The mourner would be sitting quietly, perhaps talking to their lost loved one as people do in the early stages of grief. Young women would report a surpassingly handsome man would come to them, seemingly out of nowhere; men, an almost angelically beautiful woman.
Whatever the gender, the stranger would sit beside the mourner and begin to talk in the gentlest, most consoling voice: of how their loved one was in a happier world than this, healthy, vigorous, and joyful as they had never been on earth. Gradually, the mourner would be so enchanted by the sympathetic stranger that he or she would forget their grief and allow themselves to be drawn away from the grave to sit on the stone wall that surrounded the churchyard, or, occasionally, on the church’s porch. They found themselves caught up altogether in sudden new love, apparently mutual, for the stranger would continue the soft seductive talk until gradually the two would begin to kiss and caress one another and time became one endless moment.
Inevitably, though, the mourner would recall the drab life to which they must return, and say regretfully I must go. And inevitably, they would ask of this wonderfully kind and loving stranger When will I see you again?
The answer was always the same: they could not meet again for four weeks. The stranger asked for a solemn pledge, however, that they would meet again, on this very day four weeks hence. The pledge was given and sealed with a kiss, and the mourner would depart in far lighter heart than before. . .

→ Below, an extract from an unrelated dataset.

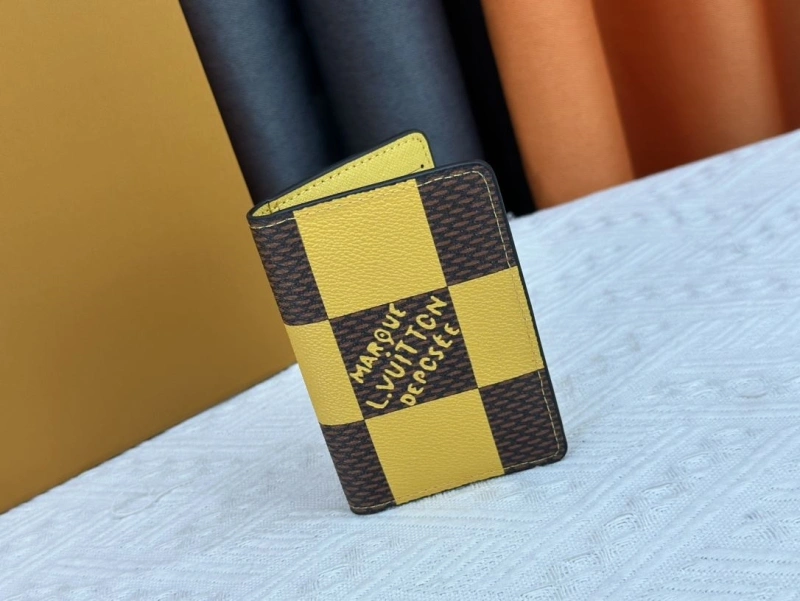 LV Wallets 4233H-0491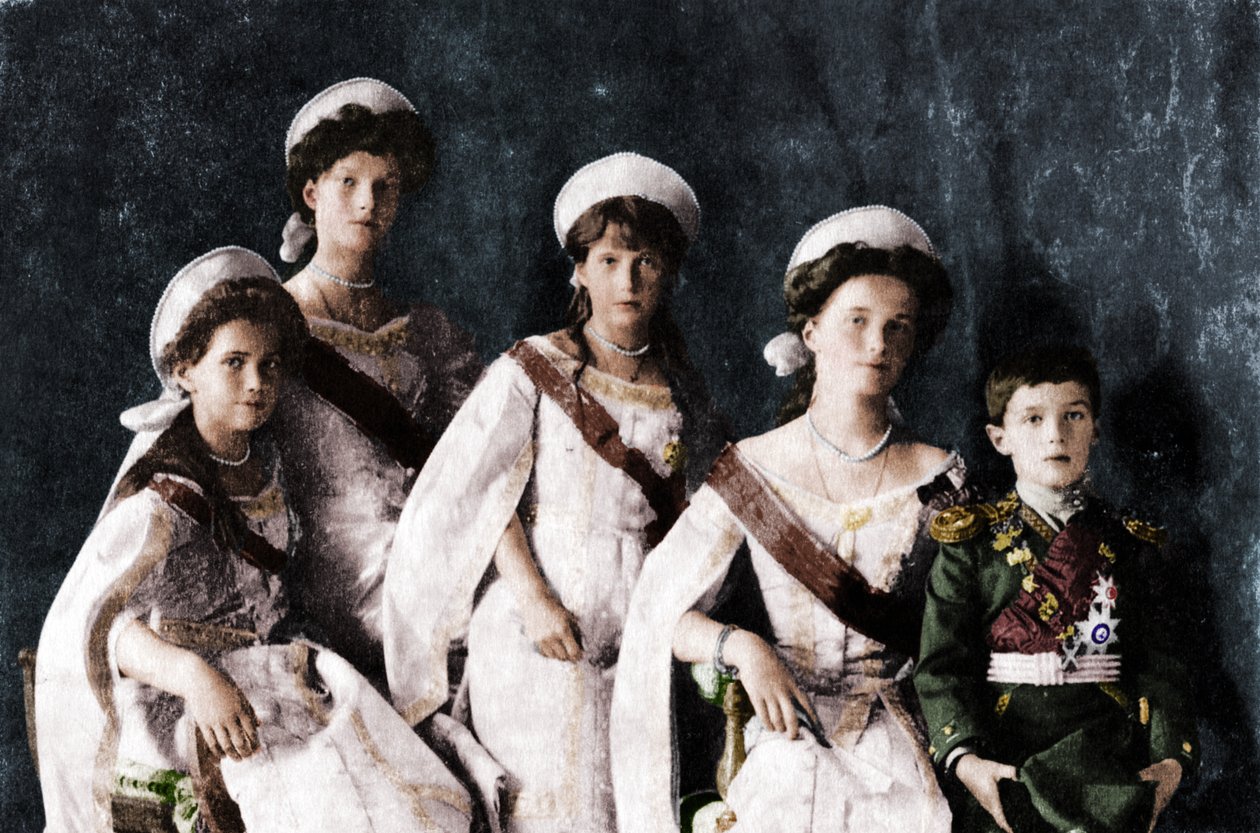 ロシア皇帝ニコラス2世の子供、c1910。 作： 不明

only to look back from the gate to see the beautiful stranger simply vanish into the shadows.
Somehow the mourner knew, then, that the stranger was no lover, but Death itself with whom they had made a rendezvous.
And so the legend goes that, in every case where a mourner met the stranger in the churchyard, they were faithful to that rendezvous.
For each mourner so seduced wasted away and died. . .four weeks to the day from that chance meeting with Death, the final triumphant lover.
The story of Death as a beautiful, strange lover was collected by J. Aeneas Corcoran for the book Irish Ghosts (2002). That account was based on one by the novelist William Carleton (1794-1869), who heard the story firsthand from the villagers of Eringle Truagh.
The quote from Bela Lugosi comes from The Penguin Encyclopedia of Horror and the Supernatural (edited by Jack Sullivan; 1986).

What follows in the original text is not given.